At the time of her death she was selling advertising for this newspaper and website and doing well at it. Without display ad sales, we can’t survive. But she got her start in the newspaper business in 2002, when she applied for a job as a reporter at the now-defunct newspaper called The Independent. She was writing a novel at the time and submitted a few pages as a sample of her work. She talked me out of my skepticism.

She started covering the Village of Valatie and soon took on a more challenging beat: covering the City of Hudson. It required street smarts, a thick skin and her remarkable willingness to ask questions that you might not expect from a polite person like Diana. What came through her reporting was how deeply she cared about the people in her stories.
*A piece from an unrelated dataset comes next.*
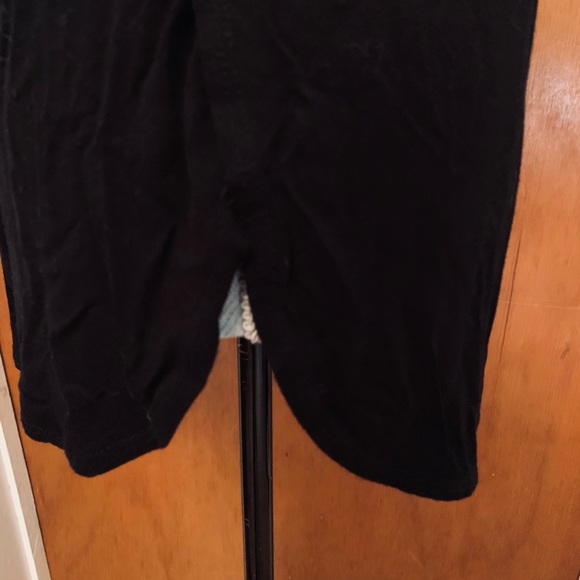 Cotton dressy tank - Picture 3 of 5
After leaving The Independent she worked in the Columbia County Court system, ending up county commissioner of jurors. She told me she liked that inside view of the justice system, but she never lost her love of writing. When she retired not long ago and responded to our search for an ad sales consultant, she asked for one writing assignment before she started selling–covering the trial in Hudson of four people accused of sexually abusing children. The charges and evidence were gruesome. She wrote about the proceedings fairly, with thoroughness and focus. She helped readers understand what had happened. News reporting in general doesn’t always succeed in that task. Diana did.

In conversation she was fond of citing lessons learned from her career in New York City designing hats and selling them. Up here she took pride in teaching Pilates classes for seniors at affordable prices.

Tuesday, a few hours after I learned of her death, I checked the office voice mail and was startled to hear her voice. It was a call from the evening before following up on a detail about a customer’s ad. She had wanted to get it right. It made me think that because of her willingness to share her talents with others the effect of her actions endures. And in that sense, so does a part of her.